Great Moments In NCAA Hypocrisy: How Penn State Defended Its Integrity, Seven Years After It Sold Out (Updated)

There is too much amazing material in Taylor Branch's Atlantic for us to handle it all at once, so we're just going to keep pulling shiny gems from the treasure trove whenever a new one catches our eye. So: The piece begins with a scene in 2001 where legendary shoe-company fixer Sonny Vaccaro tells a bunch of eminent college-athletics officials that they're all for sale and he's going to buy them. This is very offensive to the proper-thinking NCAA folks:
Not all the members could hide their scorn for the "sneaker pimp" of schoolyard hustle, who boasted of writing checks for millions to everybody in higher education.
"Why," asked Bryce Jordan, the president emeritus of Penn State, "should a university be an advertising medium for your industry?"

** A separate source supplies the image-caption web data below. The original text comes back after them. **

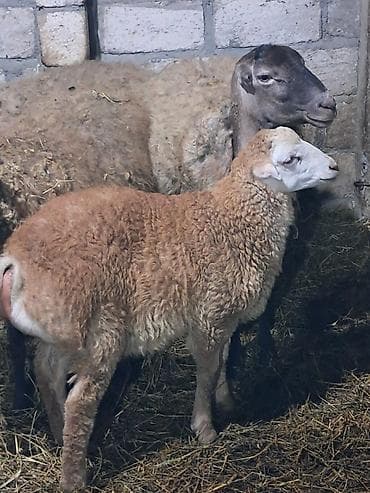 quzu qiyməti: Məhsul: Ana qoyun 2 kuzusu ilə 5 ci balalaridi basqa ekiz ve tek — 1
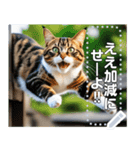 ジャンプする猫（リアル風）関西弁（個別スタンプ：5）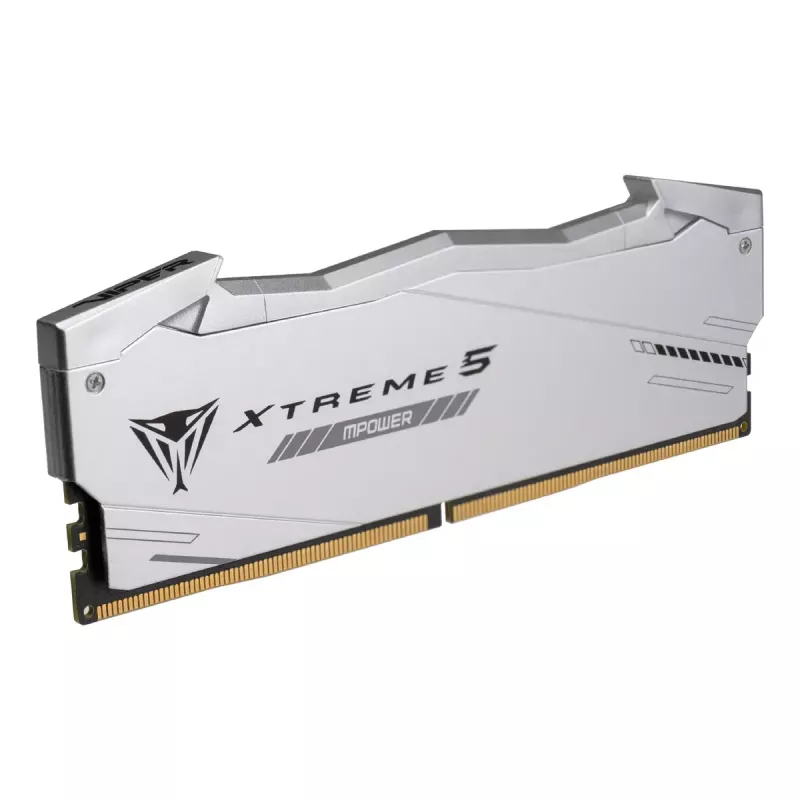 Patriot Viper Gaming RGB XTREME 5 DDR5-8000 RAM, CL 38, Intel XMP 3.0 - 32GB Dual-Kit, prateado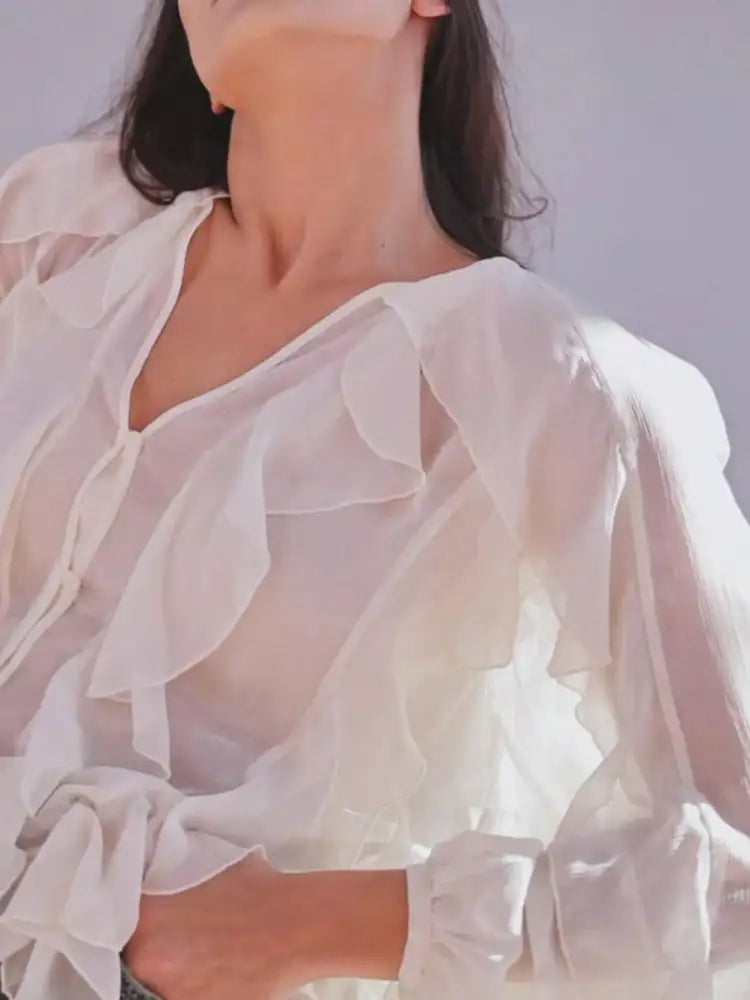 Ruffled Sheer Long Sleeve Blouse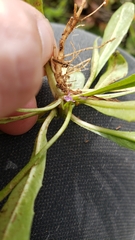 Leontodon longirostris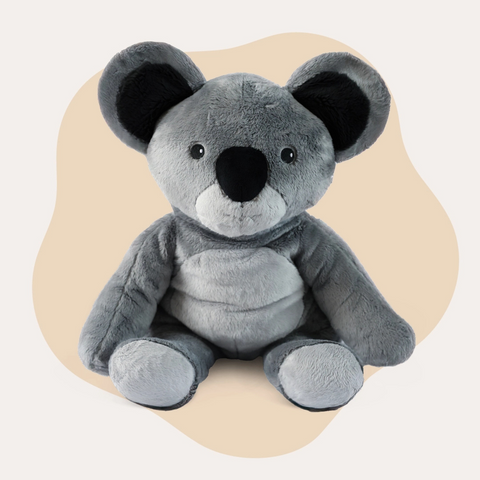 Lotgenootje Koala 2 kg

Vaccaro's response was a putdown so savage and accurate that if the people he'd been addressing had been anything other than empty husks, corrupted beyond all shaming, they would have all resigned on the spot. But he was talking to husks.
Take Bryce Jordan. Seven years before he struck his pose against crass commercialism, back when he was Penn State's president, the Nittany Lions added a new design element to their Spartan navy-and-white football uniforms: the Nike swoosh, a lone high-contrast exception to the team's no-logo policy.
The Omaha World Herald, citing the Des Moines Register, wrote in 1994 that Penn State's players had wanted to wear completely unadorned uniforms. Coach Joe Paterno had a different opinion:
"I said we have to get that Nike patch on. That's where we get our shoes from. They like 'em that way, which is fine with me because I like 'em."
What Nike likes, Joe Paterno likes. In 1995, the Philadelphia Daily News reported that Penn State was keeping the logos, "as part of a $2.6 million agreement between the school's athletic department and the shoe company."
There's your symbol of principled amateurism: a crisp white Nike swoosh, on a jersey unsullied by the name of the player who wears it. The NCAA is all about priorities.